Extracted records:
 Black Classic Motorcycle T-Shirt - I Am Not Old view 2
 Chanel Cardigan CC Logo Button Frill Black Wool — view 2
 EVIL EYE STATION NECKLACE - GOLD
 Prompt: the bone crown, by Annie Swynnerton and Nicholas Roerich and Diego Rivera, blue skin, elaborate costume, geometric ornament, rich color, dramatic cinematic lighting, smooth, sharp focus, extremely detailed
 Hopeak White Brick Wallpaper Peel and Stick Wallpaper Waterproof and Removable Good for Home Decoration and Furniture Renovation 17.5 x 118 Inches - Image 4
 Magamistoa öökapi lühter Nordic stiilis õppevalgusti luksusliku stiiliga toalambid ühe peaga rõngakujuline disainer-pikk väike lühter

WHAT TO PRODUCE: Go through the lines above and copy any that contain "Black".

RESPONSE AREA:
 Black Classic Motorcycle T-Shirt - I Am Not Old view 2
 Chanel Cardigan CC Logo Button Frill Black Wool — view 2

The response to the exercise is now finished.